En outre, en 2022, le FDC a investi plus de 380 millions d’euros dans des banques telles que Bank of America, Barclays, Citigroup ou JP Morgan Chase, connues pour financer des entreprises qui détruisent le climat et violent les droits humains. [6]

« La politique d’investisseur responsable du  FDC, qui repose notamment sur des labels de durabilité insuffisants et une liste d’exclusion incohérente, ne garantit pas que le fonds de pension investit effectivement de manière durable. Elle sert avant tout à faire du greenwashing et contribue ainsi à tromper la société luxembourgeoise », déclare Martina Holbach, chargée de campagne Finance durable pour Greenpeace Luxembourg.

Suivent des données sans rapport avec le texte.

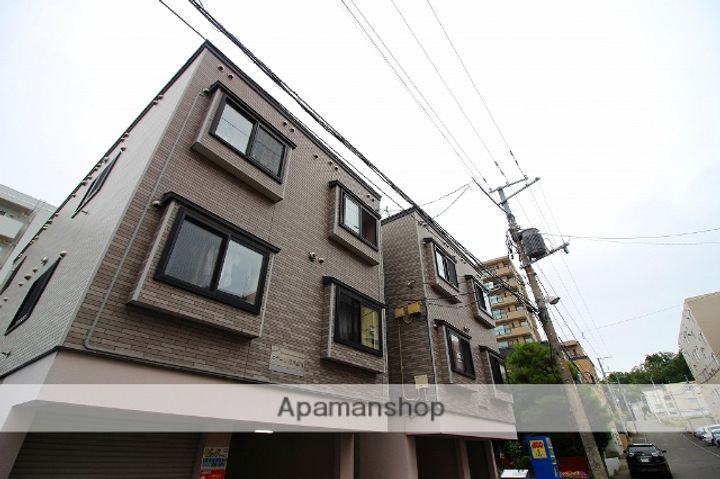 北海道札幌市南区澄川四条7丁目の賃貸アパートの外観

Ainsi, dans dix des douze portefeuilles du FDC portant le label Luxflag, Greenpeace a pu identifier des entreprises de charbon, de pétrole et de gaz dont le modèle économique n’est pas en accord avec l’objectif de Paris en matière de protection du climat. Onze des douze portefeuilles ont  également investi dans des entreprises actives dans le domaine de l’énergie nucléaire. Dans l’ensemble de ces portefeuilles enfin, Greenpeace a pu identifier des entreprises qui ne sont pas conformes aux  normes internationales sur le devoir de vigilance en matière de droits humains dans les secteurs de l’automobile, des technologies de l’information et de l’informatique et de l’alimentation/agriculture.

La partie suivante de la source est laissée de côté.